Ben Stiller has admitted that he turned down the opportunity to make "Good Will Hunting" for what, in retrospect, is a rather silly reason: he didn’t know who Ben Affleck and Matt Damon were. And though he admitted that it doesn't keep him up at night, he does call it one of his biggest regrets.
The actor/director made this admission while talking to Vulture about his upcoming performance in Noah Baumbach’s "While We’re Young." Asked if there was anything that he regretted about his own life in his 20s and 30s, Stiller admitted that he shouldn’t have turned down the chance to direct "Good Will Hunting." He explained, "I remember my agent sent me the script for 'Good Will Hunting' to direct, and I was like, ‘Who are these guys, Affleck and Damon? And why are they attached to this project? No, thank you!’ I mean, maybe I’d change that."
"Good Will Hunting," directed by Gus Van Sant, went on to receive huge critical acclaim when it was released in 1997, and it also grossed an impressive $225 million from its relatively small $10 million budget. And the Affleck and Damon pair that Ben Stiller so easily dismissed not only went on to collect Best Original Screenplay awards at the following year’s Oscars ceremony, they have also blossomed into two of the most popular actors in Hollywood.
Despite the success of "Good Will Hunting," however, Stiller admits that he doesn’t harbor any real major regrets about turning down the chance to direct the film. In fact, he explained that there were many other hard decisions that he had to make throughout his career, which resulted in him picking one project over another. Stiller admitted, "I am happy with the choices I’ve made because they’ve gotten me to where I am today and I’ve learned from them."
Despite going on to achieve such acclaim, "Good Will Hunting" was actually turned down by a number of impressive filmmakers as Miramax developed it. Steven Soderbergh, Michael Mann, and Mel Gibson each briefly considered the script before moving onto new pastures. Meanwhile Kevin Smith, who helped to get Harvey Weinstein and Miramax involved in the project, was even asked if he might be interested in directing. Smith was able to immediately recognize his limitations, though, and told his pal that they needed a "good director" instead. They found that in the shape of Gus Van Sant, who was pursued by Miramax, Affleck and Damon and eventually agreed to direct "Good Will Hunting."

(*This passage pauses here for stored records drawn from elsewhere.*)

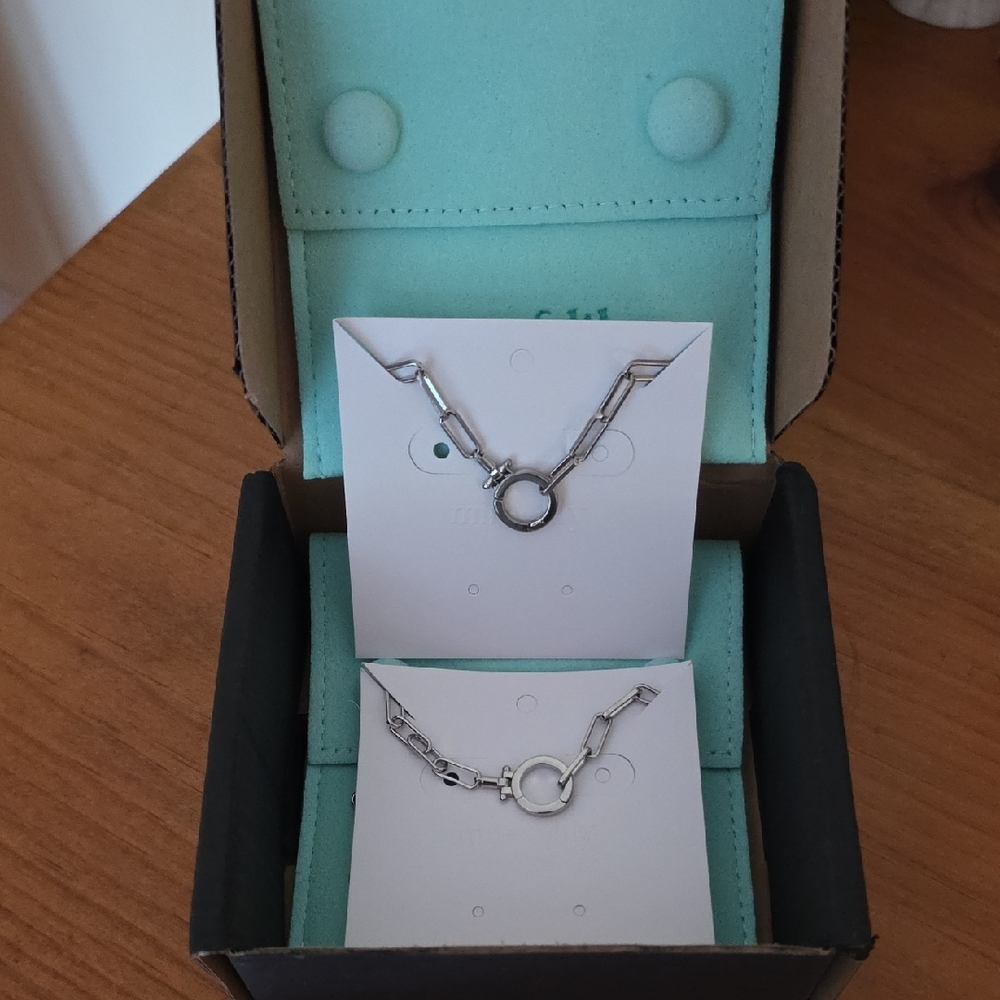 Stylish Silver Bracelet And Necklace, paperclip Style New With box, Worn Once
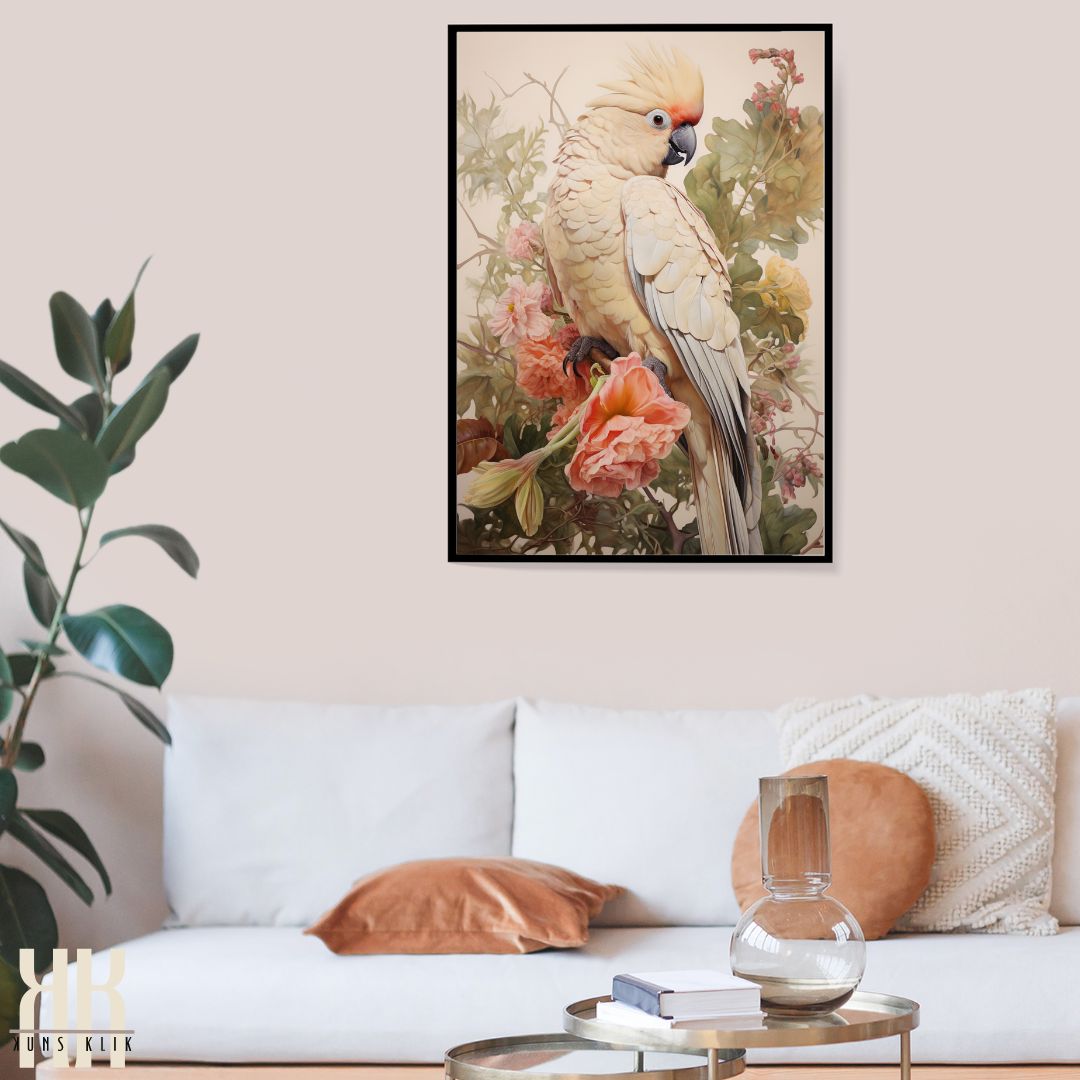 Pastel Colour Bird and Flower Wall Art Print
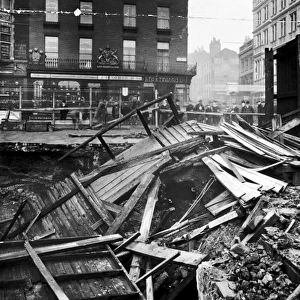 Blitz in City of London -- bomb crater, WW2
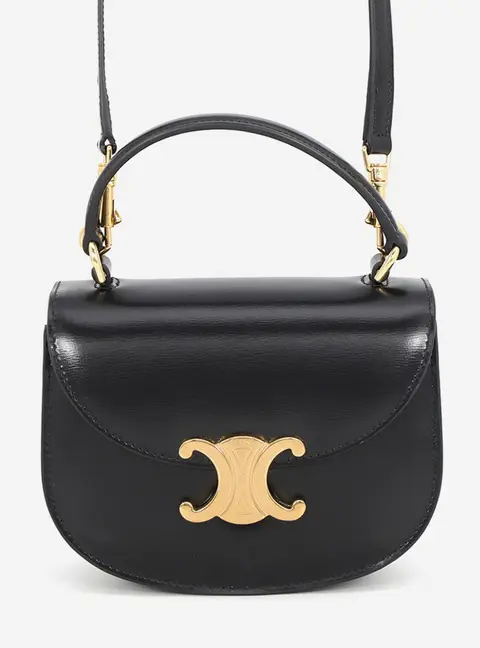 Celine Triomphe Bezas Claire Black Calf Leather Size Mini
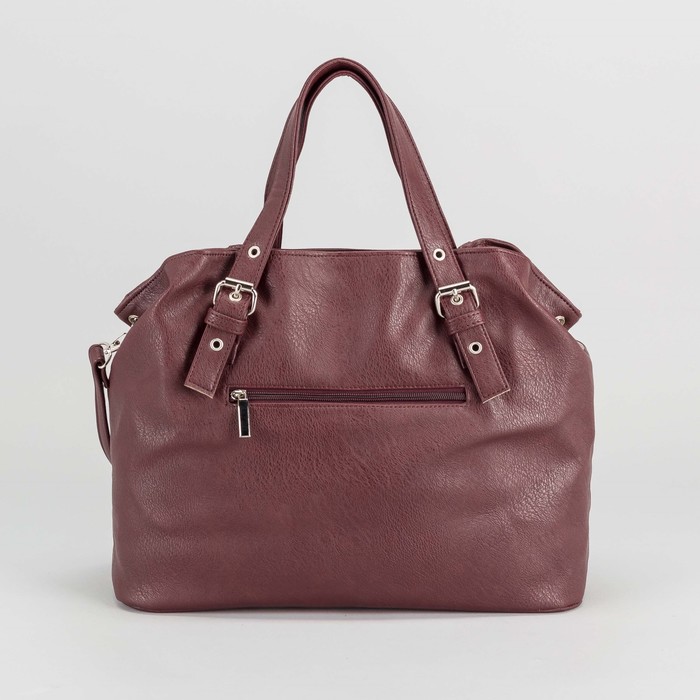 Сумка женская, отдел на молнии, наружный карман, длинный ремень, цвет бордовый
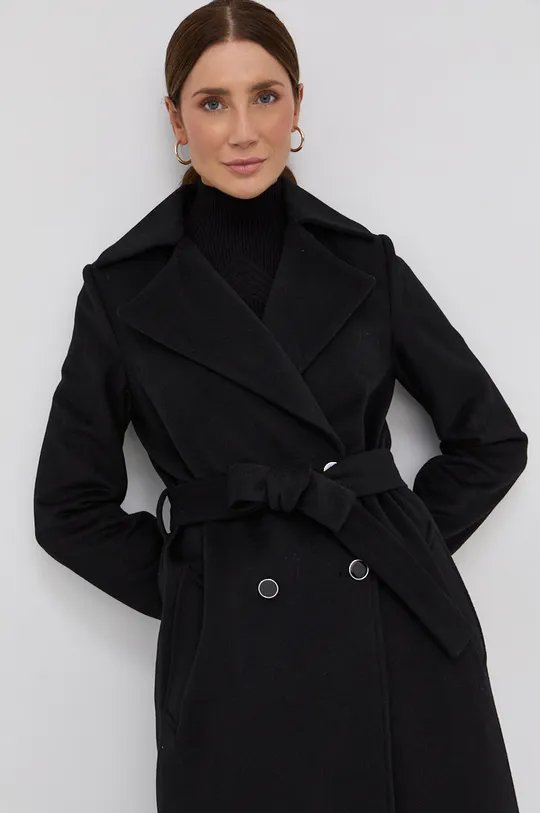 čierna Vlnený kabát Guess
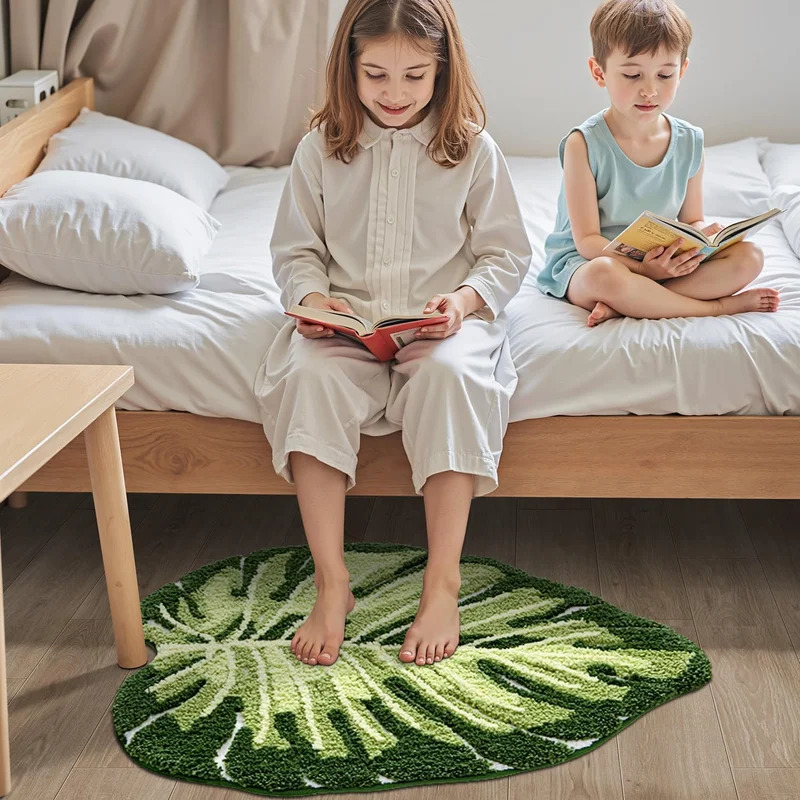 Zara Home Bathroom Mat - VIKAMA Antislipbadmat Green Leaf Design Badkamervloermat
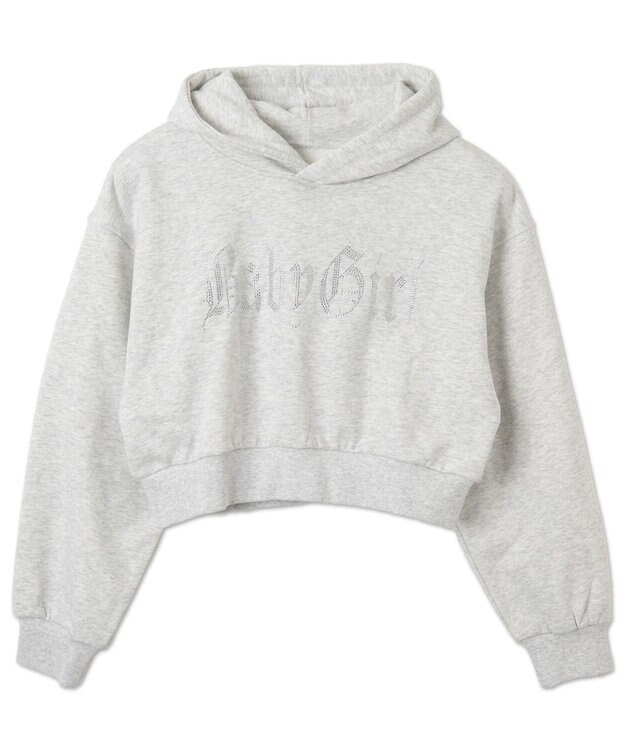 WEGO ラインストーンショートプルパーカー ライトグレー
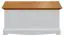 Coffre Gyronde 38, pin massif, Couleur : Blanc / chêne - 51 x 112 x 45 cm (H x L x P)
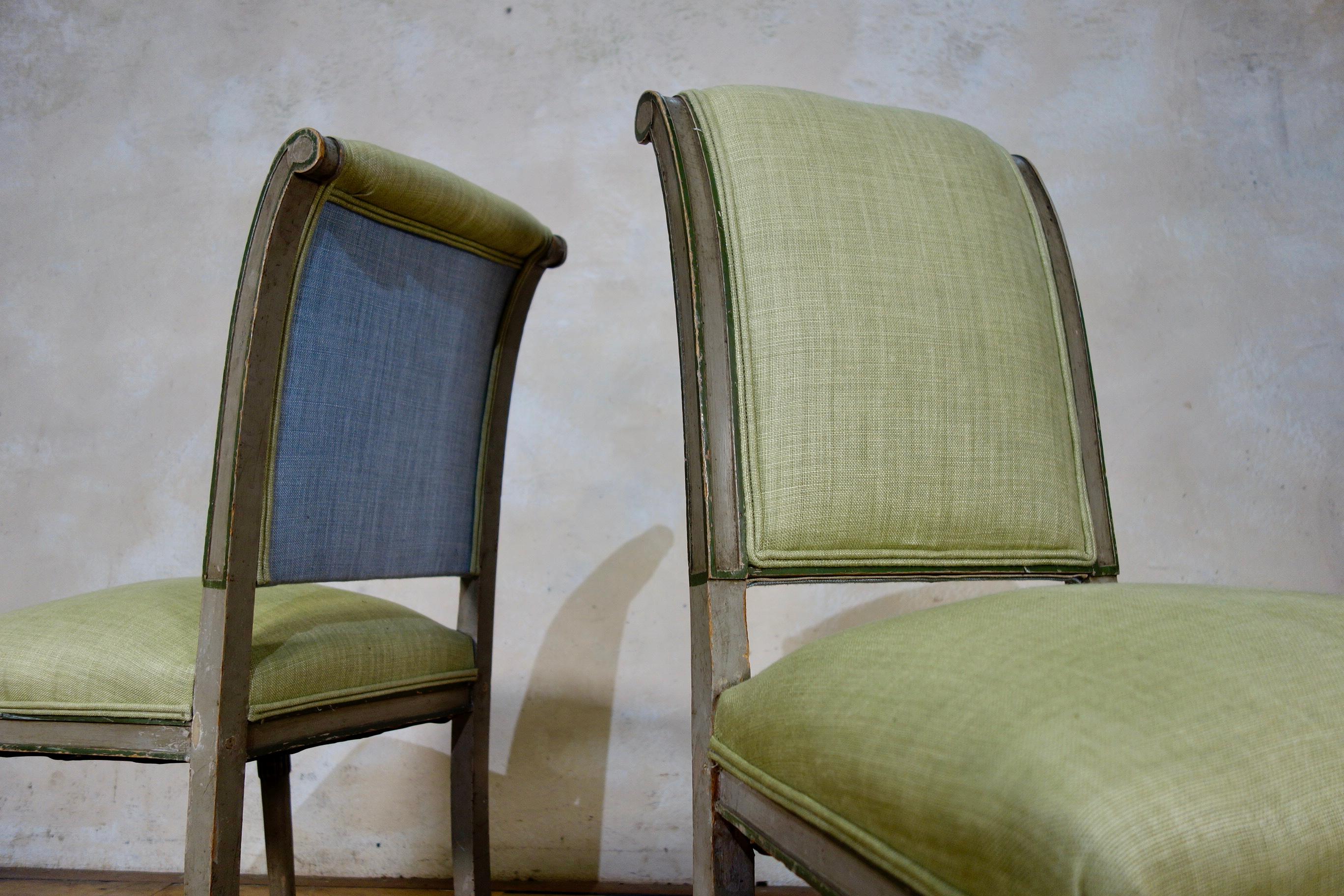 Pair of French 19th Century Original Painted Louis XVI Style Side Chairs 3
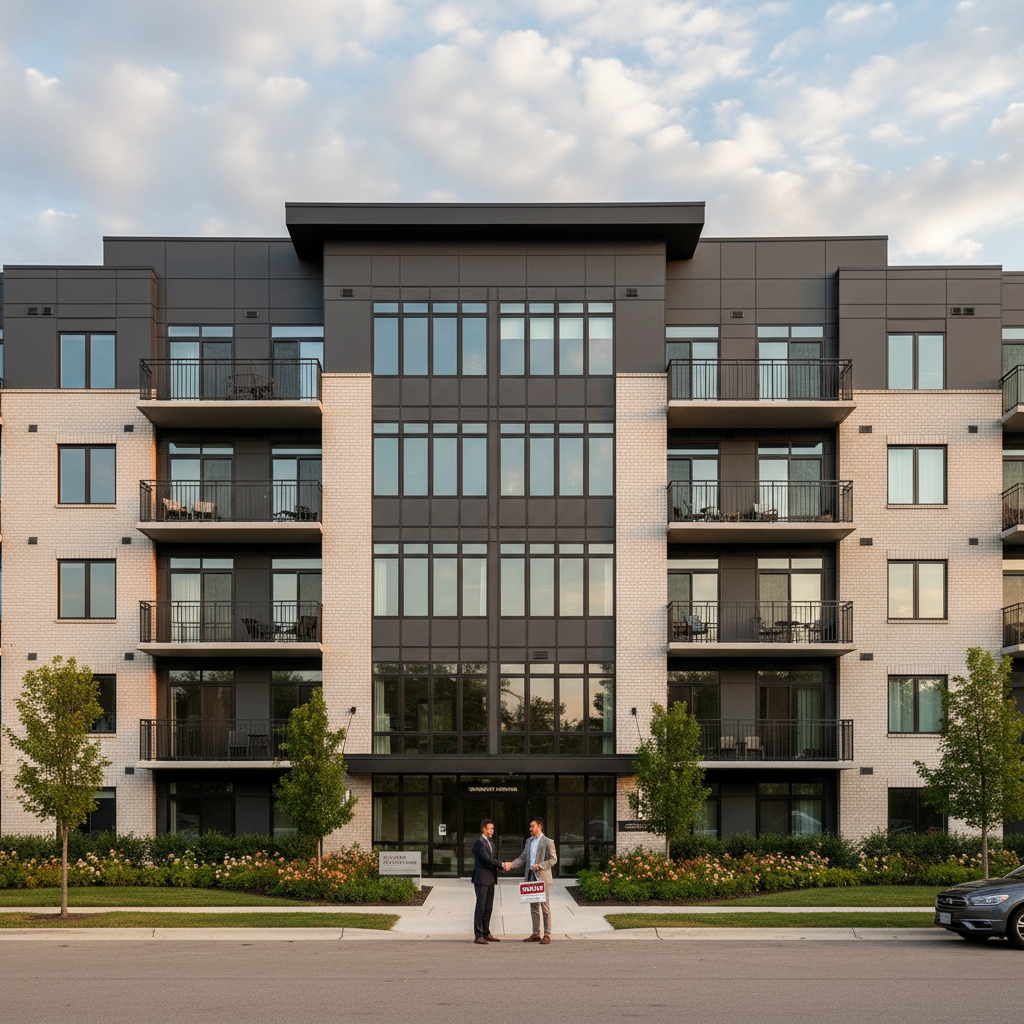 Two-bedroom, two-bathroom condominium in Tinley Park on Greenway Boulevard, realistic architectural photography.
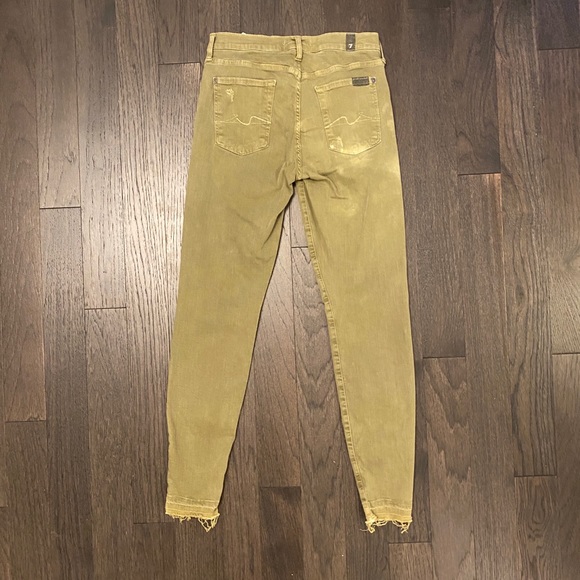 7 For All Mankind Olive Green Distressed Skinny Jeans - Picture 4 of 4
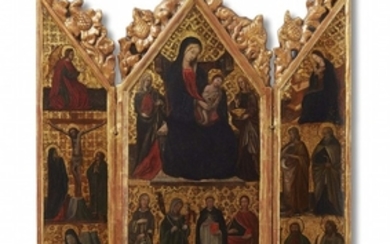 Italian School, early 15th century, Hinged Altarpiece with the Madonna Enthroned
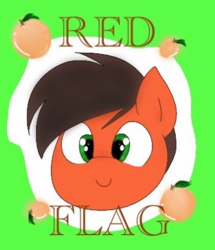 Size: 334x389 | Tagged: safe, artist:zigragirl, oc, oc only, oc:red flag, earth pony, pony, bust, food, fruit, irc, male, peach, portrait, solo, stallion, traditional art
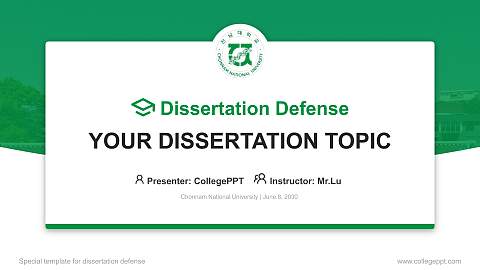 Chonnam National University Graduation Thesis Defense PPT Template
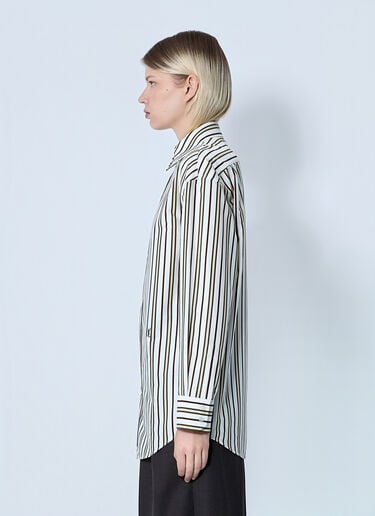 Saint Laurent Striped Button-Down Shirt Grey sla0260082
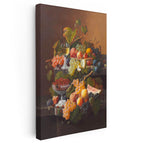 Dikey Kanvas Tablo Severin Roesen Beyaz Şaraplı Kadeh Çilek Üzüm Ressam Tablosu Ev Ofis Dekoru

And it’s hard to imagine "Good Will Hunting" being overseen by anyone else. Not only did Gus Van Sant squeeze out stellar performances from Ben Affleck, Matt Damon and Robin Williams (who picked up a Best Supporting Actor for his work), but he also brought pathos and melancholy to the film’s rather predictable, but still elegantly written story that helped to make it stand-out. It’s something that I’m not confident Ben Stiller would have managed.